2. See Ben Quilty, ‘Free ride for sports just not equitable’, The Sydney Morning Herald, 28 February 2013, http://www.smh. com.au/comment/free-ride-for-sports-just-not-equitable- 20130227-2f6c6.html; accessed 1 November 2017. HECS is the abbreviation for the Australian Government’s Higher Education Contributions Scheme.
3. Over the course of the five biennial Basil Sellers Art Prizes (2008–16), other exhibitions about sport have included: Sporting Life, Museum of Contemporary Art Australia, Sydney, 2000 (an official event in the Sydney 2000 Olympic Arts Festival); The Art of Football, The Art Vault, Mildura, Victoria, 2016; Leather Poisoning: Football Possession, Counihan Gallery, Melbourne, 2017 and Win, Lose, Draw – art and sport, Parliament House, Canberra, 2016–17. In anticipation of this national tour, the Basil Sellers Art Prize
3 travelled to the Arts Centre Gold Coast, Queensland, in 2013 and the Basil Sellers Art Prize 4 was seen in Adelaide at the Anne & Gordon Samstag Museum of Art, University of South Australia in 2015.
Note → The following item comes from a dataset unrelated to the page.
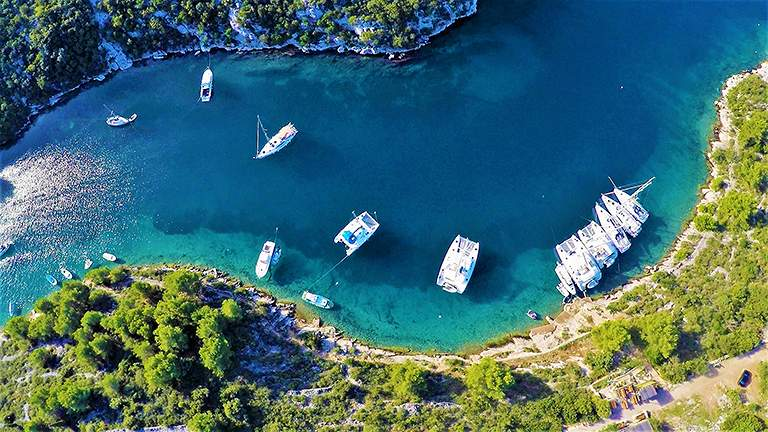 Vis - Šešula Bay (Šolta)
4. Launched in 2009 and managed by the Melbourne Cricket Club (MCC), the National Sports Museum Basil Sellers Creative Arts Fellowship was designed to increase public appreciation and understanding of Australia’s sporting heritage and provided contemporary artists with a unique opportunity to engage with the fabric of Australia’s sporting culture through the collections in the care of the National Sports Museum at the MCG. Fellows were selected from the shortlisted artists of the Basil Sellers Art Prize and included Kate Daw and Stewart Russell (2008), Ponch Hawkes (2010), Louise Hearman (2013), Khaled Sabsabi (2014) and Vipoo Srivilasa (2016).